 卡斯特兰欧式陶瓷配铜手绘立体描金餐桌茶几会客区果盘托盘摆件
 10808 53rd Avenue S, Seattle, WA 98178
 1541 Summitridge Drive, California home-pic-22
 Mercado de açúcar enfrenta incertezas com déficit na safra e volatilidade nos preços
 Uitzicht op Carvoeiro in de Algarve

┄┄┄┄┄┄┄┄┄┄┄┄┄┄┄┄┄┄┄┄

> _Task to complete_
Every record must appear in the answer exactly as written.

> _Your response_
 卡斯特兰欧式陶瓷配铜手绘立体描金餐桌茶几会客区果盘托盘摆件
 10808 53rd Avenue S, Seattle, WA 98178
 1541 Summitridge Drive, California home-pic-22
 Mercado de açúcar enfrenta incertezas com déficit na safra e volatilidade nos preços
 Uitzicht op Carvoeiro in de Algarve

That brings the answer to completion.